Tuesday, April 9, 2019

I'm blogging on my personal site


I'm proud that I've kept this blog going since January 2012. That's 7 years!

Throughout this time I've made a transition from 'mechanical engineering' (in quotes because I was formally trained in mechanical engineering but didn't practice it) to data science.

Also throughout this time, I resisted making my own site. I saw that it was 'cool' to use a static site generator from ~2015 onward. Jekyll was looking pretty cool!

I resisted because I wanted to just be able to write my content and publish it and I was okay with forfeiting customization. But you can only resist for so long!

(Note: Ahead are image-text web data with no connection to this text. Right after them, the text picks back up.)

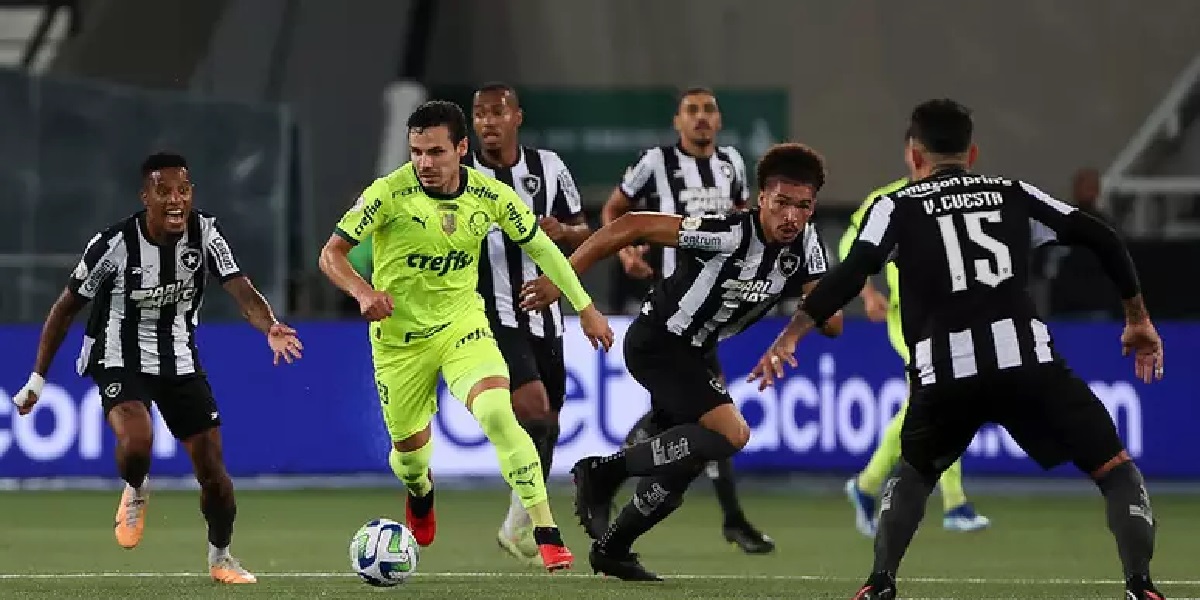 Palmeiras contra Botafogo (Foto: Reprodução/ Internet)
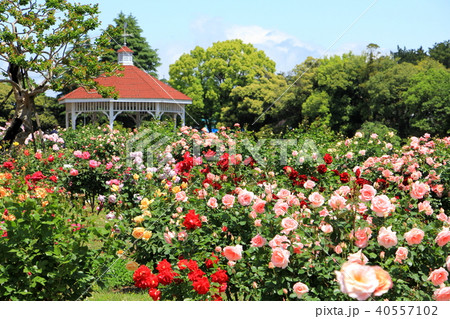 敷島公園バラ園（群馬県前橋市） 40557102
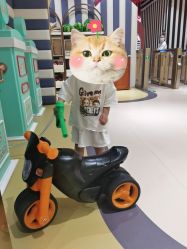 -meland club亲子乐园(重庆万象城店)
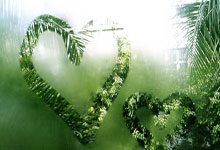 开云体育官网：2032年布里斯班奥运会将建造全新主体育.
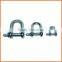 Factory price customized stainless steel 304 long d shackle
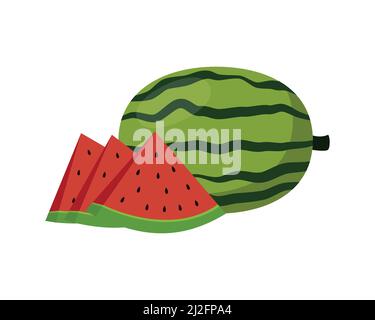 Detailed Watermelon Together with the Slices Illustration Vector Stock Vector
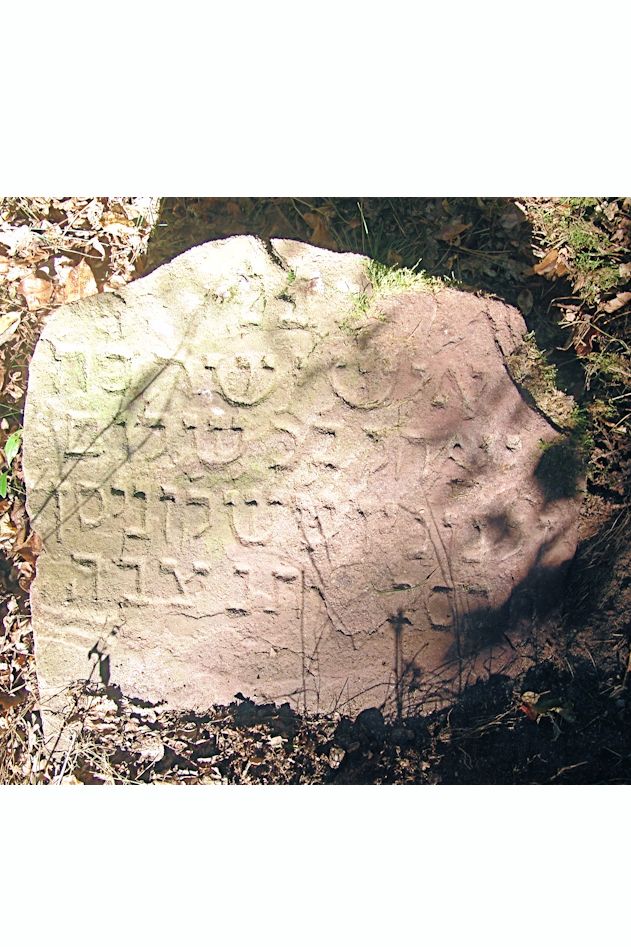 Grabstein Nummer 81 auf dem Friedhof Trzciel (Tirschtiegel)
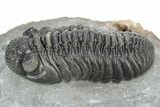 Phacopid (Adrisiops) Trilobite - Jbel Oudriss, Morocco #253698-2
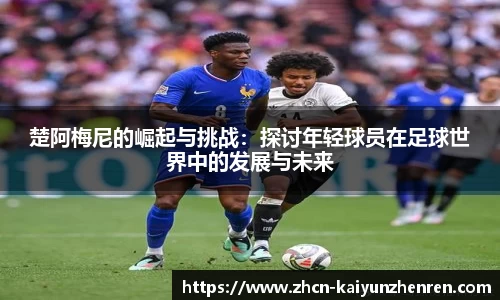 开云真人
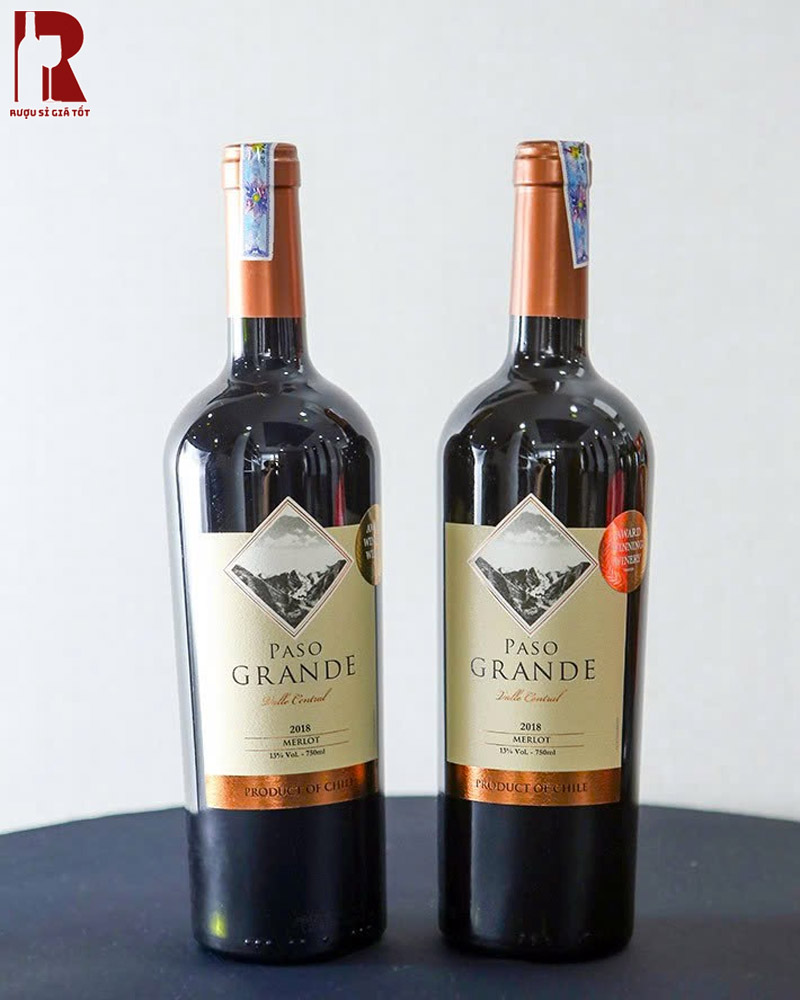 Giá Rượu Vang Chile Đỏ Paso Grande Có Đắt Không?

In the end I settled on making my own site using Lektor. Hopefully I can figure out how to include mathematical symbols and Jupyter notebooks...later. :D

Sunday, December 2, 2018

Plot entropy can be used to automatically select scatter plot transparency

Problem: As a data scientist, you make scatter plots to assess visually a distribution of points. However, many times the points are too dense which can give you a wrong impression about the point distribution. So, you might adjust the transparency setting (usually called alpha) a few times. Now, let's say you change the dataset. Again, repeat adjusting the transparency.
Solution: Optimize the plot image entropy because it quantifies the 'variety' of color in it.

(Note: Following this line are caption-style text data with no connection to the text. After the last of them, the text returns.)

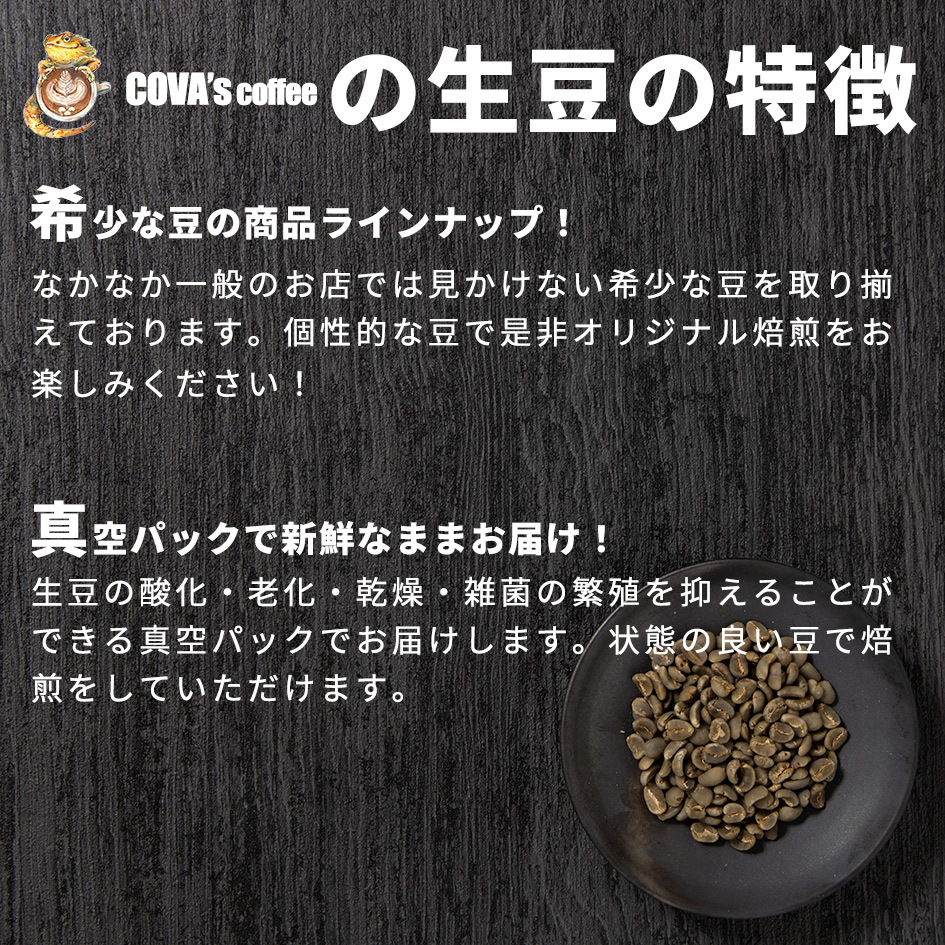 コーヒー 生豆 お得な 500g ブラジル トミオフクダ ドライオンツリー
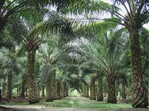 Die Hoffnung auf Wohlstand ist der Grund für die bedingungslose Abholzung der Regenwälder und der Ausweitung der Palmölplantagen (Bild: Ölpalmplantage in Malaysia)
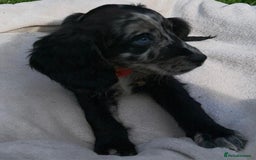 Cocker Spaniel dogs for sale: 3 beautiful working cocker spaniel puppies  - Image 13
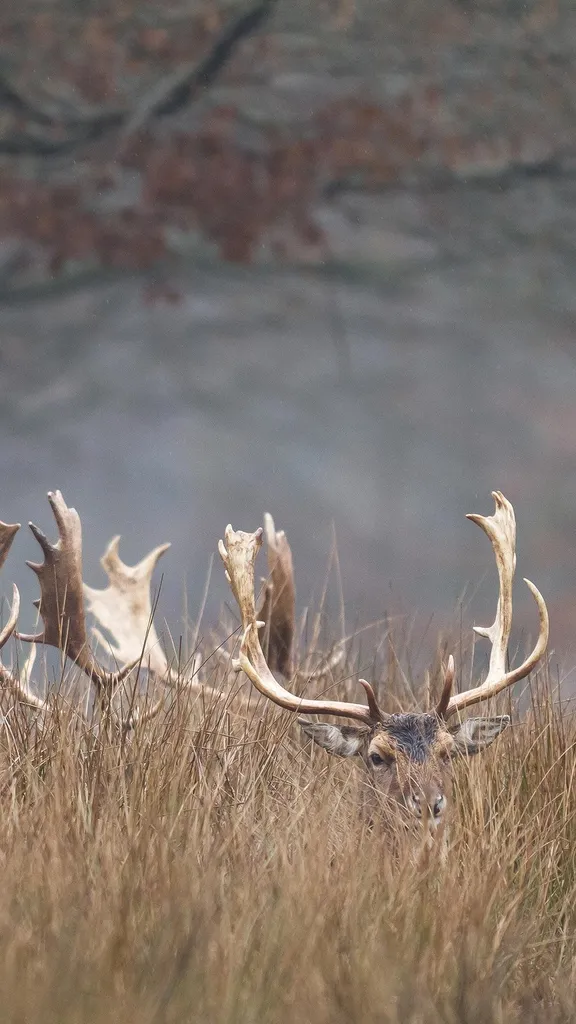 Promenons-nous dans les bois&hellip;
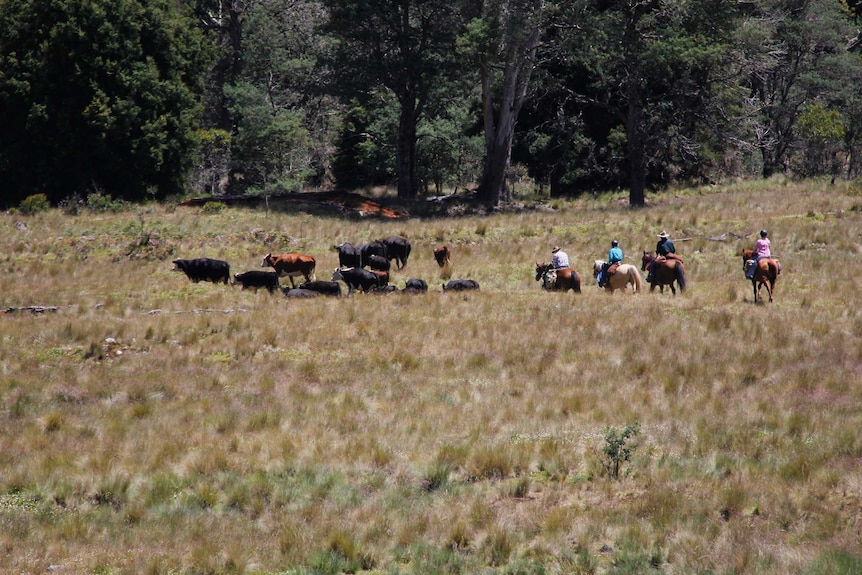 Driving cattle across a plain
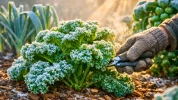 M�me � -10 �C, votre sol peut nourrir toute la famille : les l�gumes d'hiver que les jardiniers malins adorent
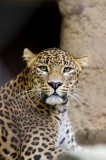 Tablou Canvas, "Leopardul privitor &icirc;n umbra liniștii", Nu pot să identific cine este &icirc;n imagine, dar pot să ofer o descriere: Leopard, Privire, Fascin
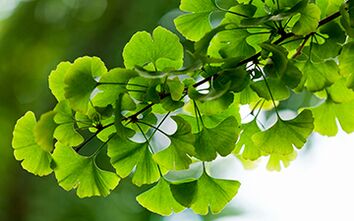 Ginkgo Biloba heals the male body, increases blood flow in the pelvic organs
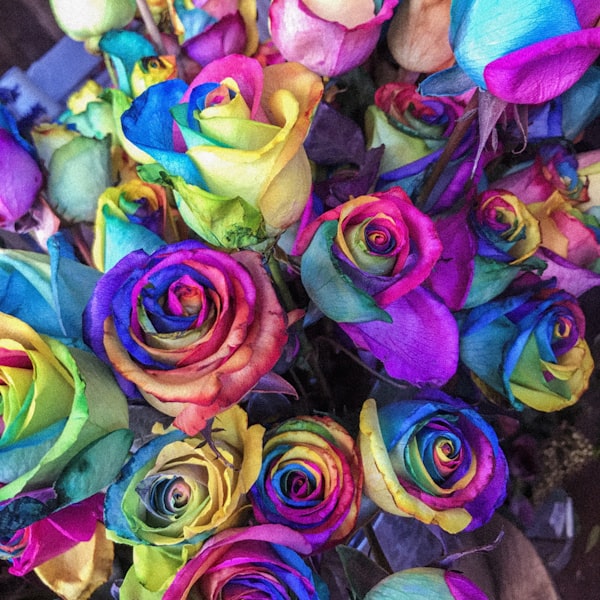 بهجة عباد الشمس الصيفي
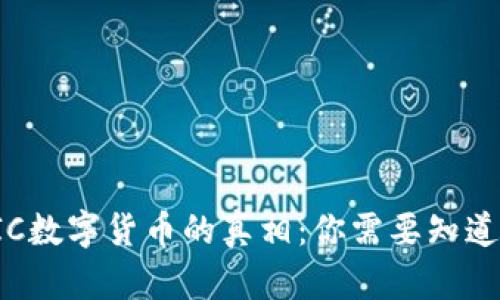 揭开VIC数字货币的真相：你需要知道的一切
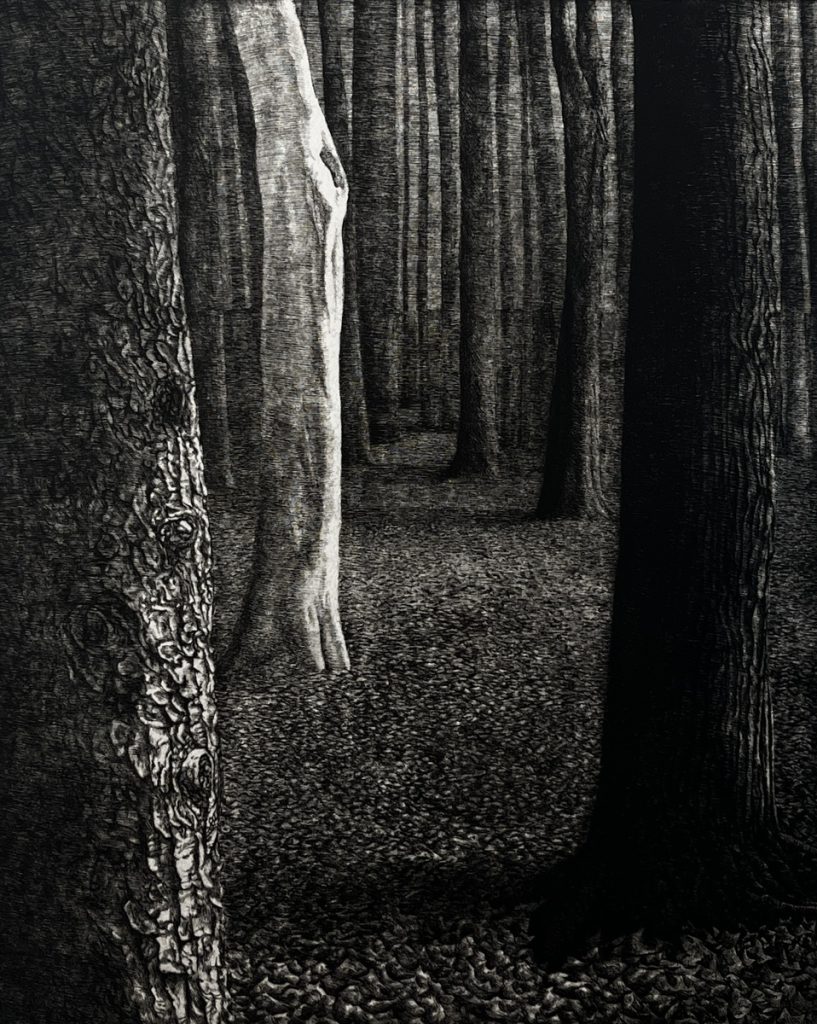 Woodlot XII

When you adjust the transparency, you are eyeballing a measure of image color 'variety'. I went for an information-theortic measure of 'variety'/'dispersion' as opposed to a statistical one (like standard deviation). What I like about information theory is that I can be less mindful of specific statistical distributions and models.

The magic line to calculate color image entropy with scipy/numpy is:
entropy(histogramdd(img, bins=[arange(256)]*3)[0].flatten(), base=2)
where img is shape (width*height, 3) with 8-bit resolution for each color.

The below figures show a monochromatic and color version of a data set scatter plot with alpha (a) and entropy (s) annotated at the top right. The alpha was varied which results in different entropy values. The red annotation signifies the highest entropy.

I think the utility and quantification is easier to see in the monochromatic version perhaps due to it being less 'busy'. But the numbers don't lie!

I'd like to package this somehow if there is interest.

Tuesday, October 30, 2018

RAPIDS for data science signals potential maturation of (big) data science computing

The recent RAPIDS announcement by Nvidia was portrayed as 'data science on GPUs'. In my opinion, it's about the convergence of several trends in data science tools and computing that have been developing over at least 5 years. This convergence naturally materializes as 'data science on GPUs'. Nvidia pounced on the opportunity!

These trends address a dream that I have as a data scientist: I'd like to use pandas and sklearn without having to think about whether the data fits on one machine or not and to use GPUs if available. I also would like to use SQL without having to think about whether the system that I'm executing on is a database. In other words, I'd like to use my preferred programming language and associated libraries without regard to the system that executes the program.

What does this have to do with GPUs? You don't need GPUs to have such a system (*cough* Spark). But it seems like Nvidia, after it made deep learning practically possible, realized there was much more that it can accelerate upstream the data science process pipeline and in the process of doing so, helps achieve this ideal user scenario.

So to try to get an up close look at RAPIDS, I recently went to GTC DC. Pondering over what I learned at the conference, I've realized that RAPIDS has a place in the following trends that all lead to 'rapid' data science iteration.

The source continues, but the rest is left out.